Resolving the Polarized Dust Emission of the Disk around the Massive Star Powering the HH 80-81 Radio Jet

GIRART, J.M.; FERNÁNDEZ-LÓPEZ, M.; LI, Z.-Y.; YANG, H.; ESTALELLA, R.; ANGLADA, G.; ANEZ-LÓPEZ, N.; BUSQUET, G.; CARRASCO-GONZÁLEZ, C.; CURIEL, S.; GALVAN-MADRID, R.; GÓMEZ, J.F.; GREGORIO-MONSALVO, I. DE; JIMÉNEZ-SERRA, I.; KRASNOPOLSKY, R.; MARTI, J.; OSORIO, M.; PADOVANI, M.; RAO, R.; RODRIGUEZ, L.F.; TORRELLES, J.M.

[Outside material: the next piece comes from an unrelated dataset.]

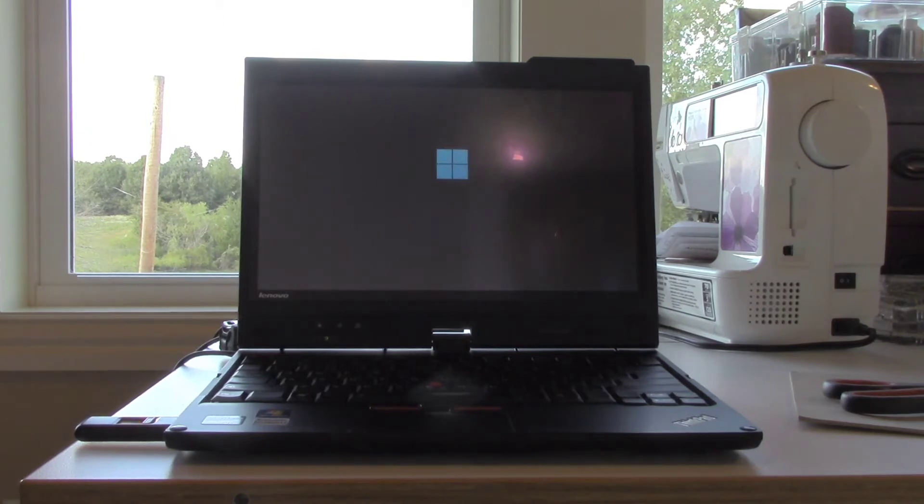To give you an idea of the specs while we wait for the installer to load up: this Lenovo ThinkPad X220T runs on a Core i5-2520M. Being a second-generation Intel, it does not support TPM 2.0 or Secure Boot. Under normal circumstances, Windows 11 would refuse to install. This is what I'm going to find out right now, trying to install the system like I would any other Windows system.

Astrophysical Journal Letters

Institute of Physics Publishing

Año: 2018 vol. 856

2041-8205

Here we present deep (16 μJy beam-1), very high (40 mas) angular resolution 1.14 mm, polarimetric, Atacama Large Millimeter/submillimeter Array (ALMA) observations toward the massive protostar driving the HH 80-81 radio jet. The observations clearly resolve the disk oriented perpendicularly to the radio jet, with a radius of ≃0.″171 (∼291 au at 1.7 kpc distance). The continuum brightness temperature, the intensity profile, and the polarization properties clearly indicate that the disk is optically thick for a radius of R ≲ 170 au. The linear polarization of the dust emission is detected almost all along the disk, and its properties suggest that dust polarization is produced mainly by self-scattering. However, the polarization pattern presents a clear differentiation between the inner (optically thick) part of the disk and the outer (optically thin) region of the disk, with a sharp transition that occurs at a radius of ∼0.″1 (∼170 au). The polarization characteristics of the inner disk suggest that dust settling has not occurred yet with a maximum dust grain size between 50 and 500 μm. The outer part of the disk has a clear azimuthal pattern but with a significantly higher polarization fraction compared to the inner disk. This pattern is broadly consistent with the self-scattering of a radiation field that is beamed radially outward, as expected in the optically thin outer region, although contribution from non-spherical grains aligned with respect to the radiative flux cannot be excluded.